Add disk as an OSD storage.

~(keystone_admin)$ system host-stor-add controller-1 osd <disk-uuid>

List OSD storage devices.

~(keystone_admin)$ system host-stor-list controller-1

After unlocking controller-1:

Wait until Ceph has two active monitors. To verify, run ceph -s and ensure that the output shows mon: 2 daemons, quorum a,b.

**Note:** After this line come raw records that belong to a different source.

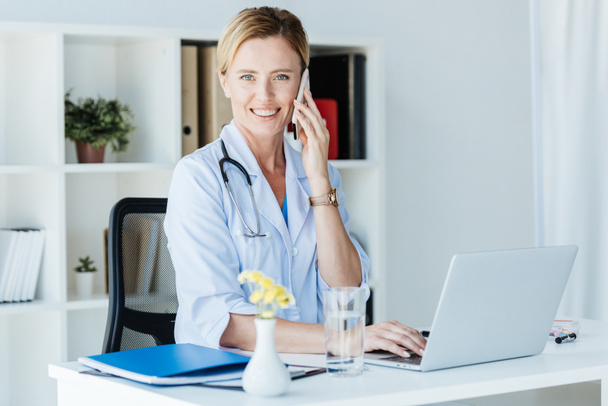 happy female doctor looking at camera and talking on smartphone at table with laptop in office  - Photo, Image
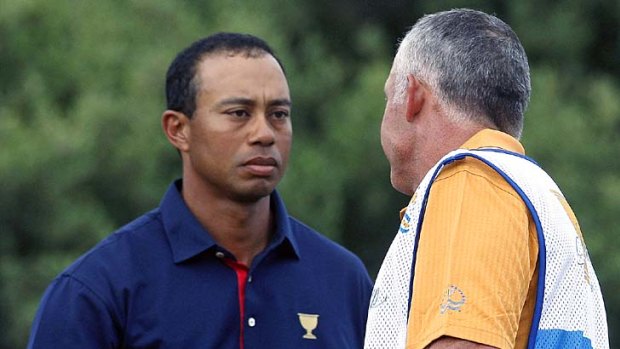 Firm grip: Tiger Woods and former caddie Steve Williams yesterday.
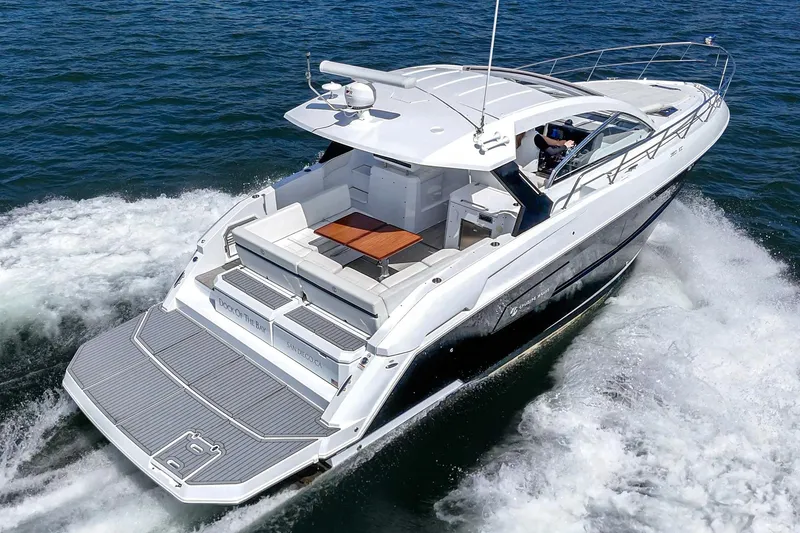 Slide: The Image of 2021 Cruisers Yachts 390 Express Coupe cruising on open water, rear view. - 12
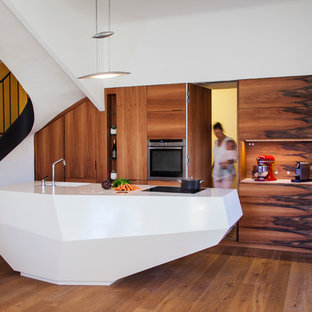 Idee per una grande cucina minimal con lavello integrato, ante marroni, pavimento in legno massello medio e isola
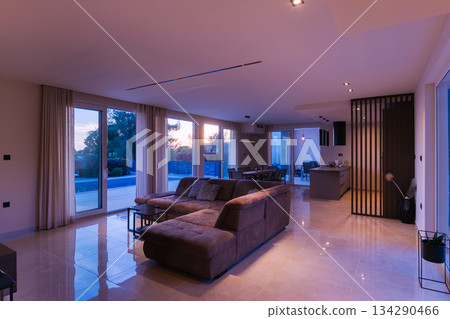 Modern, bright living room featuring a comfortable sofa and panoramic glass doors opening to a stunning private swimming pool and lush garden. Perfect for luxurious indoor-outdoor living Modern, bright living room featuring a comfortable sofa and panoramic glass doors opening to a stunning private swimming pool and lush garden. Perfect for luxurious indoor-outdoor living 134290466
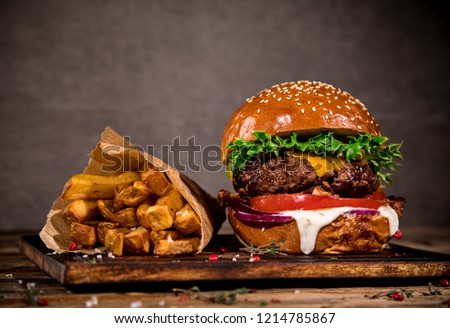 Close-up of home made tasty burger with french fries on wooden table. Royalty-Free Stock Photo #1214785867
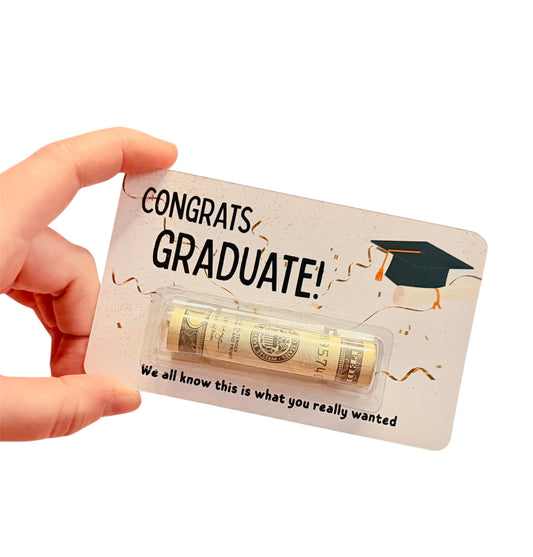 Hand holding a 'Congrats Graduate!' card with a small tube of cash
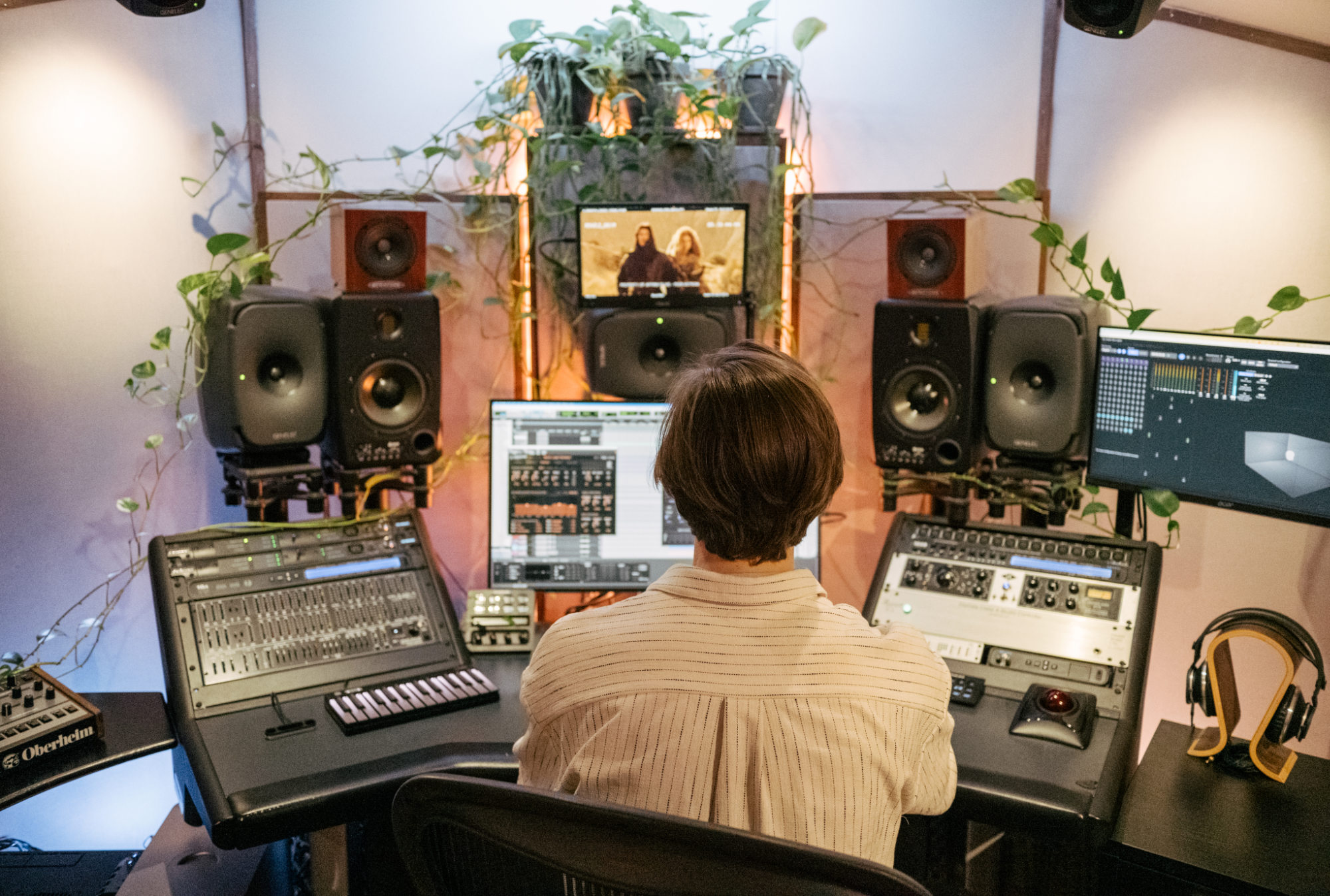 Gabriel Lundh sitting at desk in studio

This confirms that both the local monitors are active.

~(keystone_admin)$ ceph -s
 cluster:
   id:     c55813c6-4ce5-470b-b9f5-e3c1fa0c35b1
   health: HEALTH_WARN
           insufficient standby MDS daemons available

 services:
   mon: 2 daemons, quorum a,b (age 2m)
   mgr: a(active, since 114s), standbys: b
   mds: 1/1 daemons up
   osd: 4 osds: 4 up (since 46s), 4 in (since 65s)

Add the floating monitor.

~(keystone_admin)$ system host-lock controller-1
~(keystone_admin)$ system controllerfs-add ceph-float=<size>
~(keystone_admin)$ system host-unlock controller-1

Wait for the controller to reset and come back up to an operational state.

Re-apply the rook-ceph application.

~(keystone_admin)$ system application-apply rook-ceph